The sentencing of Faezeh Hashemi Rafsanjani, a former member of parliament turned political activist, was the latest move to stamp out potential dissent ahead of elections in March, the report said.


I remember meeting Ms Hashemi in 2000 several months before the Sydney Olympics. She and a colleague were sitting at the back of the audience of an international sports and human rights conference held in Bondi.


They stood out there because they were covered from head to foot in black chadors.


I waited that whole day to interview her for WIN (Women's International Net Magazine), for whom I was Australian correspondent, believing she would have an interesting story to tell.


At the time she was the member for Parliament for Tehran, having received 800,000 votes in 1996. She had also founded the women's newspaper, Zan.


"(My father's) fame and also his name somehow was influential," Ms Hashemi told me at the time. "(But) I personally was well known because of my previous social activities, especially for focussing on women's issues, youth, and also on sport. Most people know me well from this."

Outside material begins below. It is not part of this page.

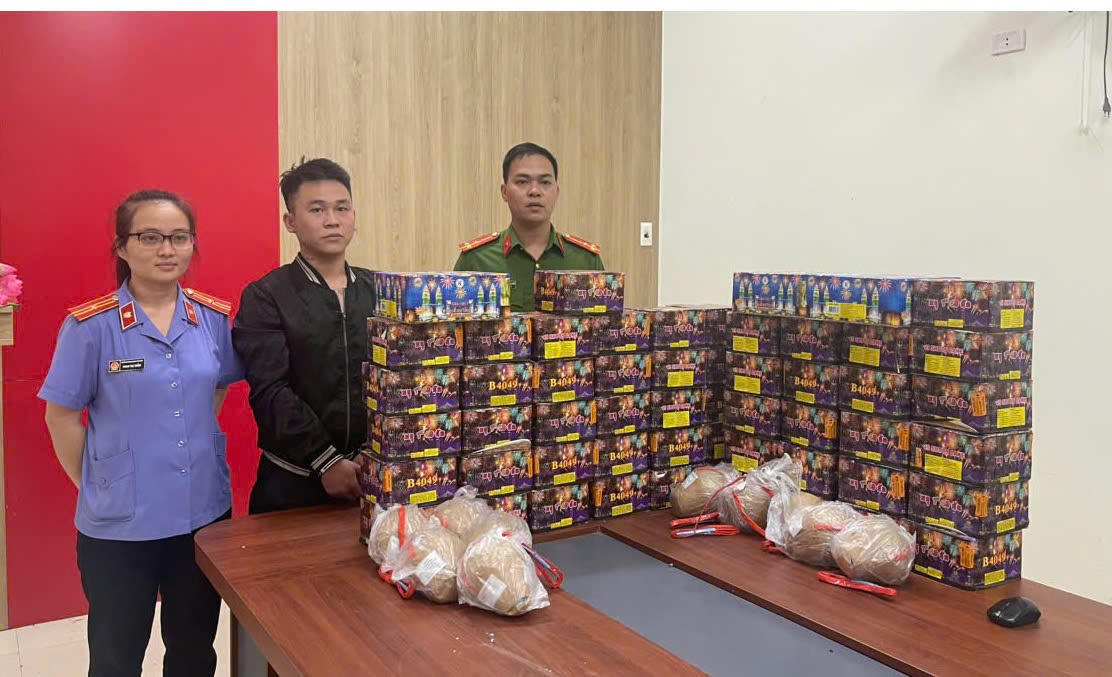 Đối tượng Trần Văn Dũng cùng tang vật vụ án. Ảnh: CANA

She was then the Vice Chairperson of the Iranian National Olympic Committee and Chairperson of the Council for Female Sports of the Islamic Countries and during our interview I learnt she had spent many years pushing for Muslim women to become more involved in sport, both in her native Iran and outside.


She was here in Sydney partly to convince the International Olympic Committee (IOC) organisers to allow Islamic dress during competition, in order to pave the way for Muslim women's participation in the 2000 Olympics.


She believed the role of sport in Muslim women's lives was not just a matter of personal choice but a fundamental human right.


And for this reason she had been lobbying the International Olympic Committee (IOC) to respect the dress codes of Islamic society.